I’ve never been a fan of New Year’s resolutions. They don’t really work. Be honest! How many times have you set New Year’s resolutions only to forget about them within a few weeks. Almost every time? Yep. That’s what I thought.
For the past few years I’ve written down my goals at the beginning of each year. At the end of the year I review those goals. Here are the links to some of my previous years’ goals and reviews:
Goals And New Year’s Resolutions Are Not The Same
This year I’m not going to publish my results from last year. I will say that I accomplished about 60% of what I set out to do. That’s not horrible, but if I were in college I’d be near failing.
I’m also not going to publicly set new goals this year. Why? Because each year my goals change. Sometimes life dictates what we can and can’t do. I might decide to let some goals go and create some new ones. Goals are not written in stone. Goals are works in progress. They start with habits. And habits are built over time.
This is why resolutions are setting you up for failure every year. See my 2015 post: Why I Don’t Make New Year’s Resolutions. Resolutions are a type of goal. But they’re usually goals that are too lofty. They include things we’ve always dreamed of, but have never made the commitment to get started.
What Makes You Think A New Year Will Help?
A new year is just another day. If you haven’t already taken the initiative or made the commitment to work toward your goals, what makes you think the new year will change anything? You can’t create change in a day.
Here’s why you fail at New Year’s resolutions again and again:
- You don’t make the effort to make the change all year long.

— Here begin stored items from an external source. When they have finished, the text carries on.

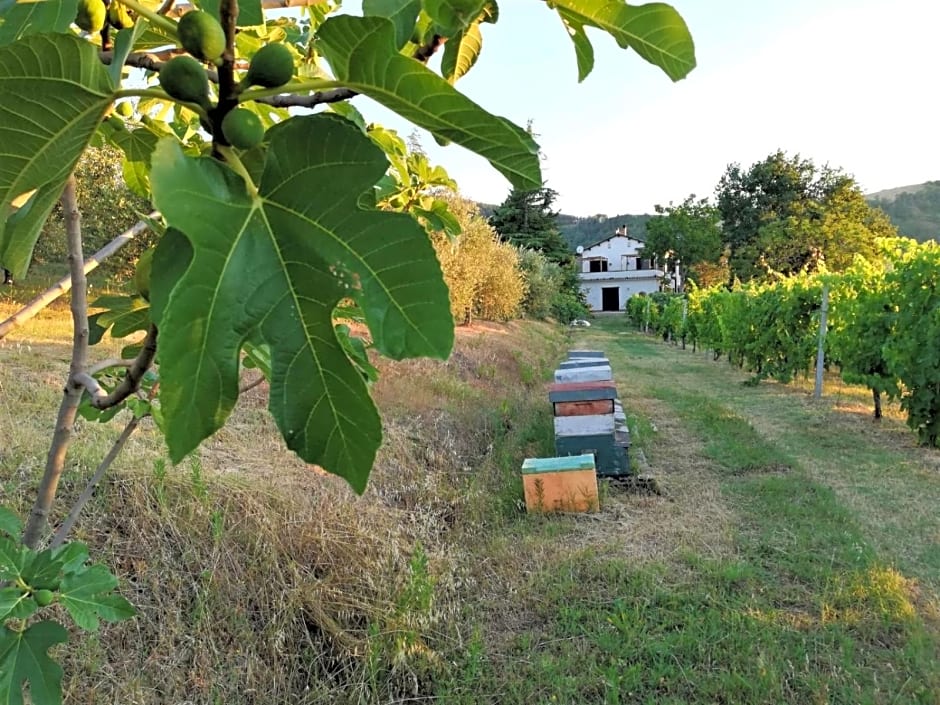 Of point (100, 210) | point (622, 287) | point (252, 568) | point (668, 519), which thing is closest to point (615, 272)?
point (622, 287)

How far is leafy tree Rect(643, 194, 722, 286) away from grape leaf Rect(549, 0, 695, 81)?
4995 cm

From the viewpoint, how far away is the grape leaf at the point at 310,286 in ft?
1.81

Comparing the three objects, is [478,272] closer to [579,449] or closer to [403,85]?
[579,449]

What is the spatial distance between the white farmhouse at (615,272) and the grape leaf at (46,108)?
55.0m

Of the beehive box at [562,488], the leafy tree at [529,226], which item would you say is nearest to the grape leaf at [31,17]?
the beehive box at [562,488]

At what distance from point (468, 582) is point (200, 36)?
12.9ft

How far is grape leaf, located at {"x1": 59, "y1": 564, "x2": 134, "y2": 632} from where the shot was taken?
44.0 inches

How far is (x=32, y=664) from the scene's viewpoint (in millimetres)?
967

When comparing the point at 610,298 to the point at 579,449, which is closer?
the point at 579,449

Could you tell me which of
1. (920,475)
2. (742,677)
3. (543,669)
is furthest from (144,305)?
(920,475)

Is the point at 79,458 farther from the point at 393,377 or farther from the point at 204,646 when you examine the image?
the point at 393,377

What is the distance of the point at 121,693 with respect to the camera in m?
2.58

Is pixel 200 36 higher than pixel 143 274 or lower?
higher

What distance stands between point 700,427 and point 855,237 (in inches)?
1274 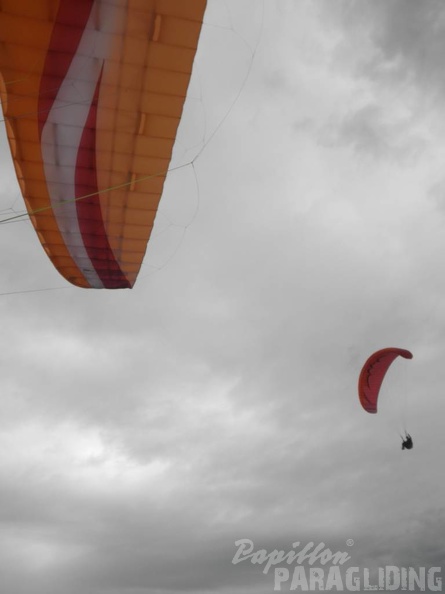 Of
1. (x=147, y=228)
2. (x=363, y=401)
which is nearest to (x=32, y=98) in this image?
(x=147, y=228)

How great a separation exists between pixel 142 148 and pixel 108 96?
3.45ft

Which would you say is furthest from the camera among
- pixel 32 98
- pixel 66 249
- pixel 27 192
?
pixel 66 249

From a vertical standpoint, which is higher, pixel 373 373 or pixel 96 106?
pixel 373 373

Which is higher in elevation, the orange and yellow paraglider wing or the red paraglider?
the red paraglider

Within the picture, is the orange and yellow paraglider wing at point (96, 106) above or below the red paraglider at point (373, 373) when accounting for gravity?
below

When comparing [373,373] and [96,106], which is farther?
[373,373]

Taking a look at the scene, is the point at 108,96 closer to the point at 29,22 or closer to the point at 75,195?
the point at 29,22

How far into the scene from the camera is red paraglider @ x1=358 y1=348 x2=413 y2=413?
21.8 m

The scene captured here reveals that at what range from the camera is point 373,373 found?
23.3 metres

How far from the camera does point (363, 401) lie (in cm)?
2422

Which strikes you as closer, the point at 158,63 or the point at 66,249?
the point at 158,63

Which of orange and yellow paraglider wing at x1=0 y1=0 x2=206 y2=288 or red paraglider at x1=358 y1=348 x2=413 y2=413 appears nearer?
orange and yellow paraglider wing at x1=0 y1=0 x2=206 y2=288

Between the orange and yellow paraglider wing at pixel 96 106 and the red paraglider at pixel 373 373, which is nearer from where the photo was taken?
the orange and yellow paraglider wing at pixel 96 106

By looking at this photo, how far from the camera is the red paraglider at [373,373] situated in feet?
71.4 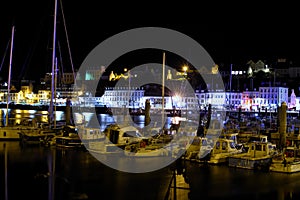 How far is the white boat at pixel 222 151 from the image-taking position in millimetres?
14078

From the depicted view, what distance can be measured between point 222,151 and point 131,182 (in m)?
4.15

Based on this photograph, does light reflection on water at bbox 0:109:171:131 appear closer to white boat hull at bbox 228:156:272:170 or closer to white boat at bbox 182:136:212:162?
white boat at bbox 182:136:212:162

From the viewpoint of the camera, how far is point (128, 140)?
16.2 m

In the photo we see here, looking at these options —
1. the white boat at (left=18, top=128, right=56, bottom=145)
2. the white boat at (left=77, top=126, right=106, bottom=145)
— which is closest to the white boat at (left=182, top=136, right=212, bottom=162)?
the white boat at (left=77, top=126, right=106, bottom=145)

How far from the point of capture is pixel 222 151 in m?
14.5

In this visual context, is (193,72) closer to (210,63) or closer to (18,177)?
(210,63)

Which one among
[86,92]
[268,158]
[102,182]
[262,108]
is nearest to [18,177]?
[102,182]

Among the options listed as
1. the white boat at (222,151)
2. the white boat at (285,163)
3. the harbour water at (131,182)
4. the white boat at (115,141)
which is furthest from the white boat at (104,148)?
the white boat at (285,163)

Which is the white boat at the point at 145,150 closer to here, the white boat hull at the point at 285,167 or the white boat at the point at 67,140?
the white boat at the point at 67,140

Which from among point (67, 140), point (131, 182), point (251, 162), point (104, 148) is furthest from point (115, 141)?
point (251, 162)

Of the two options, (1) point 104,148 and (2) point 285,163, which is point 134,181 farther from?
(2) point 285,163

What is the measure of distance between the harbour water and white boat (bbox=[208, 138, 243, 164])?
36cm

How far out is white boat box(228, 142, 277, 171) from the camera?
13.3 metres

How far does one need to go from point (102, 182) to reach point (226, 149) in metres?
4.92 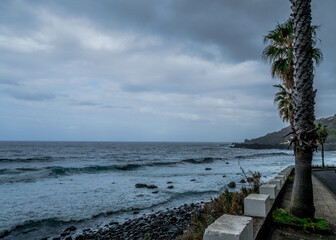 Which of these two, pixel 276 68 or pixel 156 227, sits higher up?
pixel 276 68

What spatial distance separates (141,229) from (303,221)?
19.7 feet

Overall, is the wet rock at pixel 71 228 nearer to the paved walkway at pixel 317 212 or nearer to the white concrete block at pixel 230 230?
the paved walkway at pixel 317 212

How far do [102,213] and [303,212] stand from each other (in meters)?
9.29

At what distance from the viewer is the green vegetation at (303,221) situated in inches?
193

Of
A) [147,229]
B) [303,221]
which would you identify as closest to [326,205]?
[303,221]

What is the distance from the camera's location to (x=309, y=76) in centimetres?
536

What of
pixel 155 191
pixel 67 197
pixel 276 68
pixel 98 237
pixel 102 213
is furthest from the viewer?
pixel 155 191

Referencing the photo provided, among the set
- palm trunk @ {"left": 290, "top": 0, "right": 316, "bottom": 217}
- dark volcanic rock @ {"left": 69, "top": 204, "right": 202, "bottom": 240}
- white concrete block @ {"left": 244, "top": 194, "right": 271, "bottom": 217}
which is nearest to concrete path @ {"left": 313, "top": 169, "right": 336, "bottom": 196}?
palm trunk @ {"left": 290, "top": 0, "right": 316, "bottom": 217}

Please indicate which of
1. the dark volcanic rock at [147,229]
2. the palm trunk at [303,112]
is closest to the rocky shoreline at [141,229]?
the dark volcanic rock at [147,229]

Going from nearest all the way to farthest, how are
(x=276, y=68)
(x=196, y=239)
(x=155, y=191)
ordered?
(x=196, y=239), (x=276, y=68), (x=155, y=191)

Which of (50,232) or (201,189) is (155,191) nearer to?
(201,189)

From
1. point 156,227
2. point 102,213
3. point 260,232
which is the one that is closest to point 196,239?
point 260,232

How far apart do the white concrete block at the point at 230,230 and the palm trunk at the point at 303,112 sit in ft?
9.30

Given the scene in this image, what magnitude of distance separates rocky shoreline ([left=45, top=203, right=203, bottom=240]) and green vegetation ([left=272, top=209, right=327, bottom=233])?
3.66 m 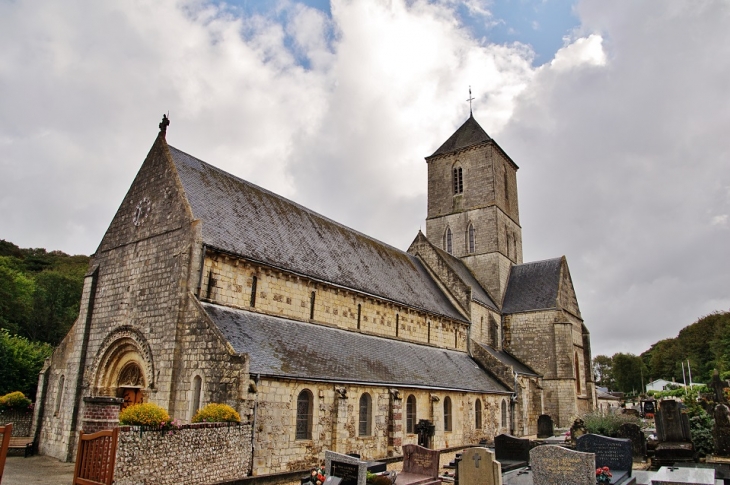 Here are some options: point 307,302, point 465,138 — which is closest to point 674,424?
point 307,302

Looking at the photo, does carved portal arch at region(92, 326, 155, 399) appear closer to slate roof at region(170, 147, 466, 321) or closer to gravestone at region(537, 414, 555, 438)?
slate roof at region(170, 147, 466, 321)

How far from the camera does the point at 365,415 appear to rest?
63.4ft

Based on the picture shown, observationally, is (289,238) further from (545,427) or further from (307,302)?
(545,427)

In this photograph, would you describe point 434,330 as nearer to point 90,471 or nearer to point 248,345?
point 248,345

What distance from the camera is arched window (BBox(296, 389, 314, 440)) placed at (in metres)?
16.6

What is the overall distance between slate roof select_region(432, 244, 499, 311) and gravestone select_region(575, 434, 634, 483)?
18.1 meters

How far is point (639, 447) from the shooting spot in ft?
65.2

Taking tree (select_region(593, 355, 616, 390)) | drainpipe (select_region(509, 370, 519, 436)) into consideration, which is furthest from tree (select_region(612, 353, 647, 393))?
drainpipe (select_region(509, 370, 519, 436))

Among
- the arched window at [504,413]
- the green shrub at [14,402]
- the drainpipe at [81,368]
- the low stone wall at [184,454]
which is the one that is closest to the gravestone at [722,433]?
the arched window at [504,413]

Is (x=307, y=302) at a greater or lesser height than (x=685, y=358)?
lesser

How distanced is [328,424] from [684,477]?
10.1 m

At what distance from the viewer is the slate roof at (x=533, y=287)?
→ 3659 cm

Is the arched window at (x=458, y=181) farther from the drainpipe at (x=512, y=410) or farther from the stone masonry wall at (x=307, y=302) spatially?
the drainpipe at (x=512, y=410)

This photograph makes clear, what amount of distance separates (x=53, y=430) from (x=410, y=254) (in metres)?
22.3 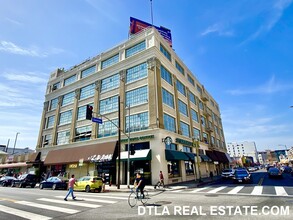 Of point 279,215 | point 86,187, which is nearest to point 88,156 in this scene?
point 86,187

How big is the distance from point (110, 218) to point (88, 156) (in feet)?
67.7

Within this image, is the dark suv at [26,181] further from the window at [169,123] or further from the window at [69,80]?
the window at [69,80]

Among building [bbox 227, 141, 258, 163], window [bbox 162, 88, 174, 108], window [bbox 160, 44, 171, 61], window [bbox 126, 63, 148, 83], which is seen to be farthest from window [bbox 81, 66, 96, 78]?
building [bbox 227, 141, 258, 163]

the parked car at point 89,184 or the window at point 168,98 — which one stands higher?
the window at point 168,98

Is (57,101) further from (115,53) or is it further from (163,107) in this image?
(163,107)

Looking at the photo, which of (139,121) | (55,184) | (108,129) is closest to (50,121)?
(108,129)

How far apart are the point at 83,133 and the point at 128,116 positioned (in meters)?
10.3

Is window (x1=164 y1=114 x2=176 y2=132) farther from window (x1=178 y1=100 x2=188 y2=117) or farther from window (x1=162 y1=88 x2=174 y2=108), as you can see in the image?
window (x1=178 y1=100 x2=188 y2=117)

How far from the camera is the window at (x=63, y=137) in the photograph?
112ft

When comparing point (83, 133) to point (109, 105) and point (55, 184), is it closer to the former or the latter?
point (109, 105)

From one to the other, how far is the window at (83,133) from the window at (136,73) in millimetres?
10771

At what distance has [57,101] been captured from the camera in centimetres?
4041

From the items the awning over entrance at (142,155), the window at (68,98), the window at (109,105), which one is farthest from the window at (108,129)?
the window at (68,98)

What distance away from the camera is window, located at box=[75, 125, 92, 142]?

- Then you set overzealous goals on the first day of January.
- You haven’t yet created habits that will stick.
- Within a few weeks you stop working toward your new goals.
- By March you’ve nearly forgotten about your resolution.
- You repeat the behavior the next year.
Does this sound familiar? If it does, you need an entirely new strategy. One that does not include creating over-the-top goals on a whim.
Something Better Than Resolutions: Creating Habits
New Years is not a magical day. In fact, it’s usually a lazy day. What do people usually do on New Years? They sleep late after the previous night’s parties. They watch college football games. And they sit around and eat. Sound about right?
So why in the hell would anyone think that that’s a good day to start a new habit? Beats me. There is no special day to set goals or start new habits. But there is a strategy to starting new habits. And to make it even better, you can kill a bad habit at the same time.
Here’s a simple 5-step process to starting a new habit:
- Name the new habit you want to create: Let’s say that you want to write a book.
- Choose a bad habit you want to replace: Let’s say you want to stop watching so much television.
- Substitute one habit for the other: Stick a Post-It-Note on the TV screen as a reminder. But start writing each day instead of watching TV.
- Expect some ups and downs: Some days, you might slip and watch too much TV. Other days, you might struggle with your writing. But don’t give up. Consistency is what creates change.
- Own your new habit: If you sincerely work at making the change, your new habit will become ingrained. You’ll begin to write every day. You will eventually write your book.
Wait! There’s An Added Bonus
Guess what happens when you replace a bad habit with a good one? You begin to experience a snowball effect.
So you stopped watching TV almost completely. Now you write for two hours a day. But you were watching 3-5 hours of TV every day. So you decide to start a running routine, too. This leads you to eating more healthy. So you’ve wound up with three new healthy habits by giving up one bad habit. Amazing how that works.
I encourage you to stop making resolutions. Instead, choose a bad habit and replace it with a good habit. Practice your new habit for 30 days and I promise you that you’ll see results.